Choosing's my religion

It's exhausting. All that choice that's on offer for everything we ever do. Even the simplest of pleasures is converted into a labyrinth of decision-making by the sheer volume and variety of everything around us.

If you want to spend the evening watching a film with a bottle of wine and a pizza, what should be a pretty mindless exercise becomes a decision-making marathon if you let it. The pizza menu reads like War And Peace (and that's before you even reach the 'extra toppings' prologue) while there are more varieties of wine available at your local supermarket than there are stars in the universe. None of this actually matters, of course, because by the time you've decided what film you want to watch, the pizza's gone cold and the wine's turned to vinegar.

Someone asked for Cola Cola Zero Zero in the pub the other day. At first I thought that they had some kind of speech impediment but, no, apparently this nonsense actually does exist. It's got zero sugar in it and zero something else that I can't remember. Taste, probably. You might as well ask for a bottle of water as something as joyless as Coca Cola Zero Zero Zero Zero or whatever it's called.

Ah, yes, water. Even the most basic of our requirements doesn't escape from the infinite choice model. Water from the Sierra Nevada mountains, water from the Pyrenees, water from the eternal life-giving springs of the Nepalese hinterland, water from some bloke's duck pond in Rotherham. There's no end to it. It really is only water and there's plenty of it in the tap. You know when society has reached a saturation point of riches when families begin to squabble about which brand of water to buy (they do, I've witnessed it on more than one occasion).

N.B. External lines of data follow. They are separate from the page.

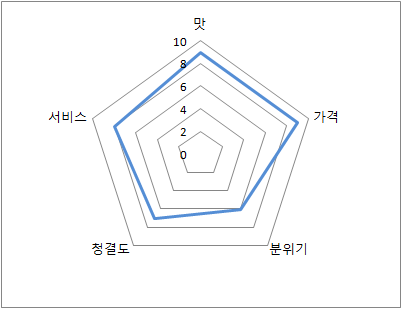 치맥라이프 이미지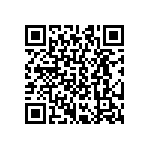 CRCW04021R65FKED QRCode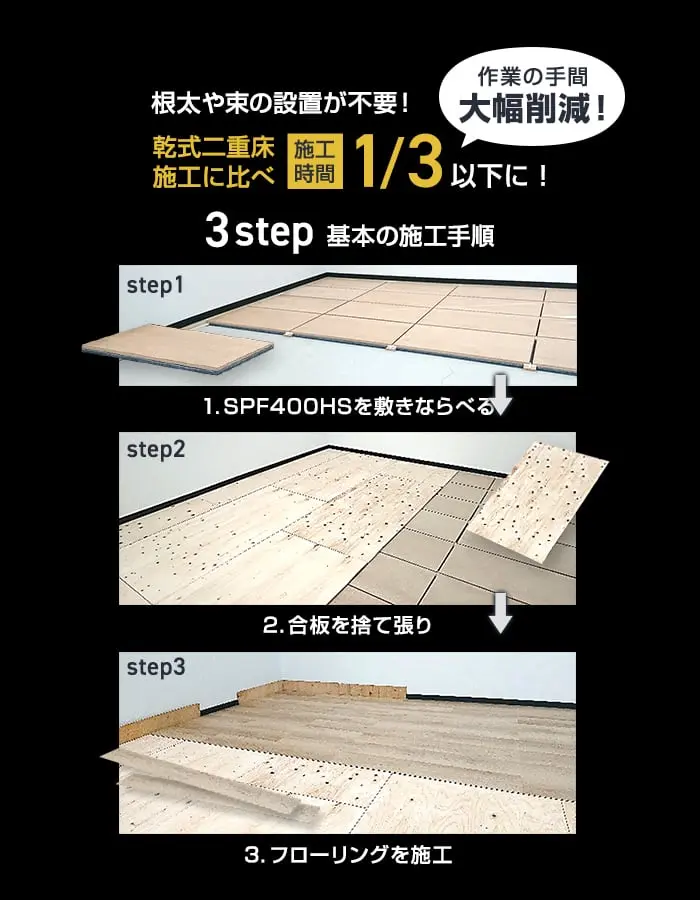 根太や束の設置が不要!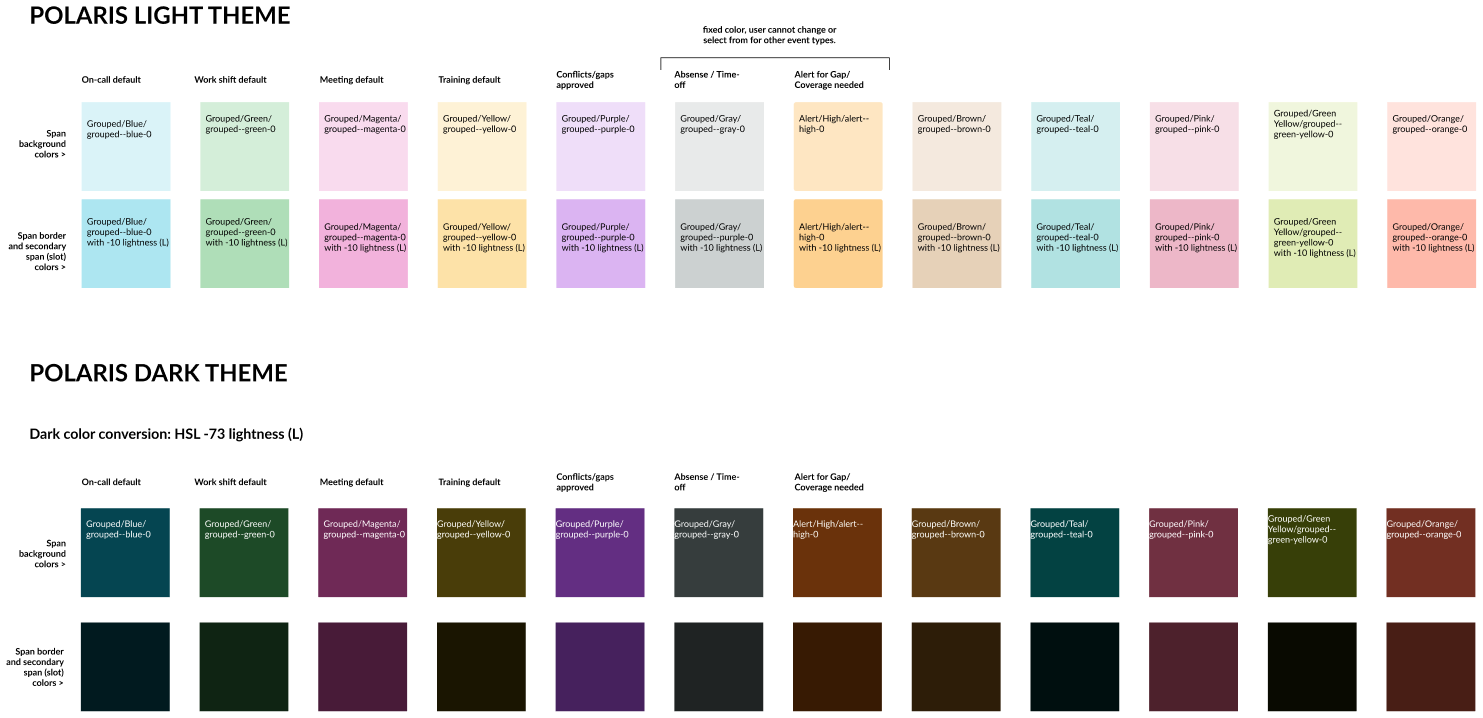 The Polaris light and dark theme colour specification: twelve columns of event-type tokens, each with a span background colour and a border colour at minus ten lightness, with the dark theme derived by an HSL minus seventy-three lightness conversion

What can we do about this state of affairs, then? Well, I propose a 'first come, first served' month long period during which time everyone simply chooses the first thing they see in every case. Netflix recommends a film about teenagers in a haunted house? That'll do. Pizza with unidentifiable bits of who knows what on it? Don't mind if I do (everybody knows it's only the Italian version of cheese on toast anyway). A lovely carton of Don Simón wine? Mmm, yes please. We might even try water from the tap and bottles of Coca Cola that actually have some ingredients in them.

Nothing much will actually happen, except that we won't find ourselves quite so tired out by all that superfluous decision-making.

It's not called being 'spoilt for choice' for nothing.